What the task requires
Please give back, word for word, only the lines starting at the one containing "Volkswagen Transporter T6" and ending at the one containing "سوییت سوپریور, Azimaju Guesthouse" within the material below.

Data provided
--- --- ---

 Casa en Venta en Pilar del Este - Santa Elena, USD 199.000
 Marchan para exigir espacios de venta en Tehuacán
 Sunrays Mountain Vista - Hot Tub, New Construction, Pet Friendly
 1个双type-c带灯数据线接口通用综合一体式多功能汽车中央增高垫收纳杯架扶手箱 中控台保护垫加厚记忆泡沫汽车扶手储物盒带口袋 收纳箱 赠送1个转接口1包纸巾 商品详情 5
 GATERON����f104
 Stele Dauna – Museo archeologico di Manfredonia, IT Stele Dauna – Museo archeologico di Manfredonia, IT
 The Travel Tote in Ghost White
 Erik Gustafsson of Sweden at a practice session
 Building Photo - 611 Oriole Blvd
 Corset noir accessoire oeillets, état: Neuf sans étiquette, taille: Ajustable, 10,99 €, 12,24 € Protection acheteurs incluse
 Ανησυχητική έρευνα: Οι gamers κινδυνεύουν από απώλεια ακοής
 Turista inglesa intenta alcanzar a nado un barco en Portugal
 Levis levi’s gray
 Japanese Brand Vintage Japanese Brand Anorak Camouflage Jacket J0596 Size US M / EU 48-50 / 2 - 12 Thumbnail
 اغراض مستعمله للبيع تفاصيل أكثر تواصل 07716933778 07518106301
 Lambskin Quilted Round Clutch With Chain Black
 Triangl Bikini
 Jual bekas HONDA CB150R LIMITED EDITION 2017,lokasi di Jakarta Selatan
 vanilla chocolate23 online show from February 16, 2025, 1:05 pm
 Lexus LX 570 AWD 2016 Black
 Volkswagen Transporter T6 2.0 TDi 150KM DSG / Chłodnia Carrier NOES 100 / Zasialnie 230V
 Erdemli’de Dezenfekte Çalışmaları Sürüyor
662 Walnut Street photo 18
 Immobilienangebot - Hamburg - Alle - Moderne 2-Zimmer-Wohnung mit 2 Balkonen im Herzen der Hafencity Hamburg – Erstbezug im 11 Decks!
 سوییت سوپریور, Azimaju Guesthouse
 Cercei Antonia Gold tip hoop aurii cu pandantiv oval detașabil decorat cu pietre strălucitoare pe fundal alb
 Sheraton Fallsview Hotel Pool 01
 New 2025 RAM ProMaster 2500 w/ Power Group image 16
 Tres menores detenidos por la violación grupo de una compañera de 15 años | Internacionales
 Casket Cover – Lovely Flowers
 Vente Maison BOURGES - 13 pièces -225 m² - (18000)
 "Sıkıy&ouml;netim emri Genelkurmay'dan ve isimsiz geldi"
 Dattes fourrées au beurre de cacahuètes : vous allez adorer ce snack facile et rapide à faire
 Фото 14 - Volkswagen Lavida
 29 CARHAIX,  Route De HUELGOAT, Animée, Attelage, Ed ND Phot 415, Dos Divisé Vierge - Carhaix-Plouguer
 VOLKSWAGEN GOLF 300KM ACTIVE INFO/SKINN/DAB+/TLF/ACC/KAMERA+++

--- --- ---

Task output
 Volkswagen Transporter T6 2.0 TDi 150KM DSG / Chłodnia Carrier NOES 100 / Zasialnie 230V
 Erdemli’de Dezenfekte Çalışmaları Sürüyor
662 Walnut Street photo 18
 Immobilienangebot - Hamburg - Alle - Moderne 2-Zimmer-Wohnung mit 2 Balkonen im Herzen der Hafencity Hamburg – Erstbezug im 11 Decks!
 سوییت سوپریور, Azimaju Guesthouse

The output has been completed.